Repeat only the lines from the one that contains "Панно из камня на спиле дерева" through the final line of the listing below, exactly, please, without pictures.
Top of Raw data
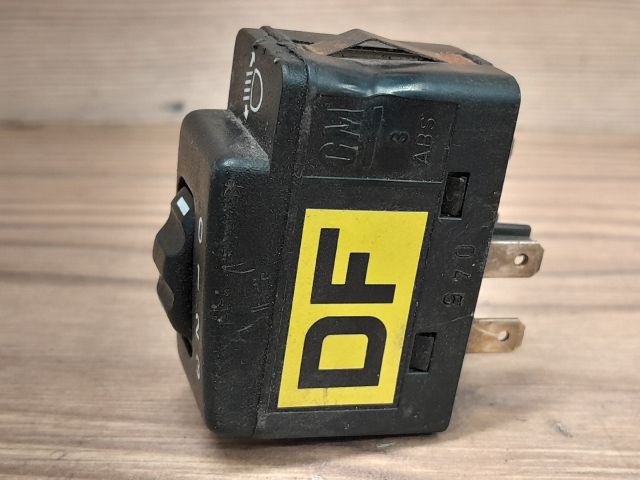 bontott OPEL VECTRA A Fényszórómagasság Állító Kapcsoló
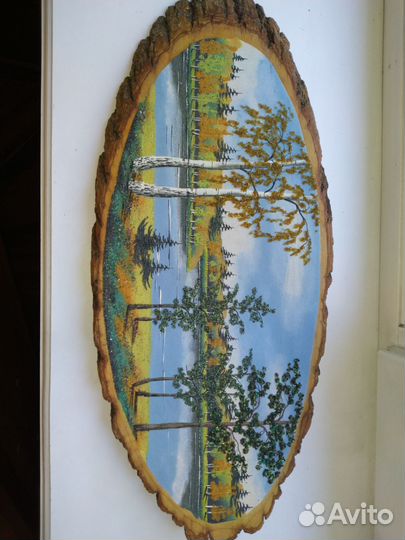 Панно из камня на спиле дерева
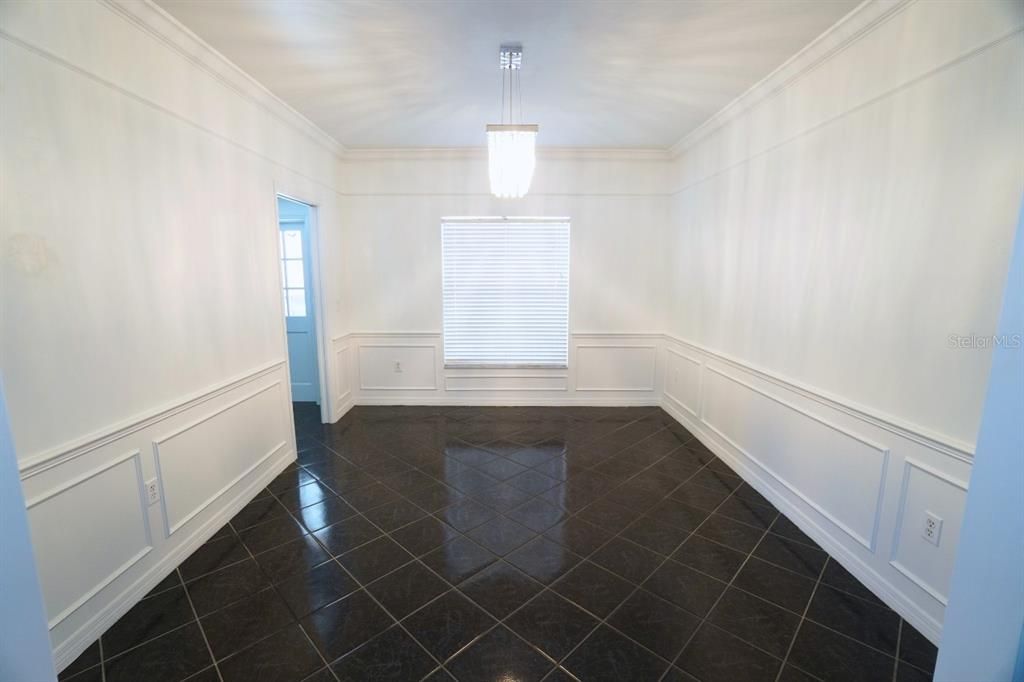 For Sale: $399,900 (3 beds, 2 baths, 2276 Square Feet)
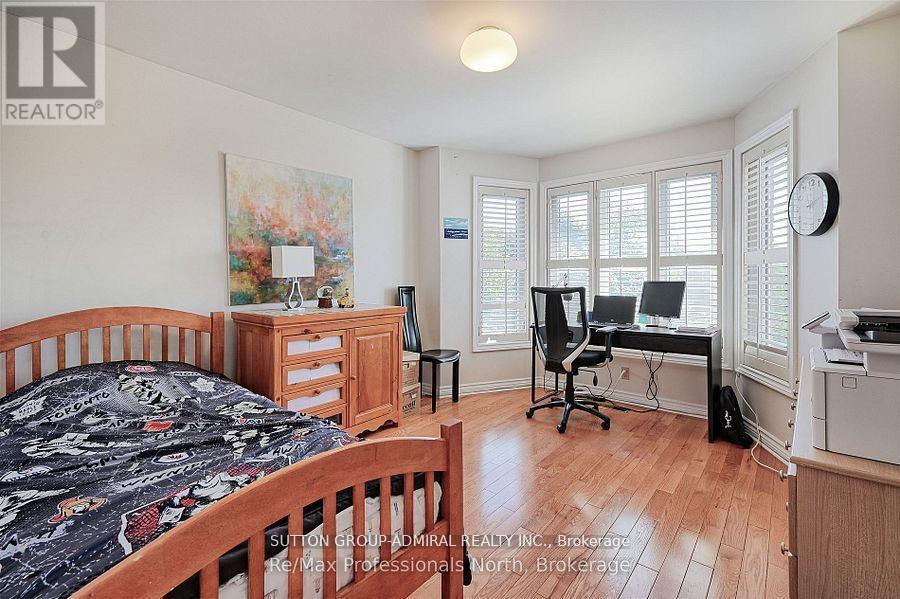 8 ELMSLEY DRIVE - 28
Bottom of Raw data
[Your solution]
 Панно из камня на спиле дерева
 For Sale: $399,900 (3 beds, 2 baths, 2276 Square Feet)
 8 ELMSLEY DRIVE - 28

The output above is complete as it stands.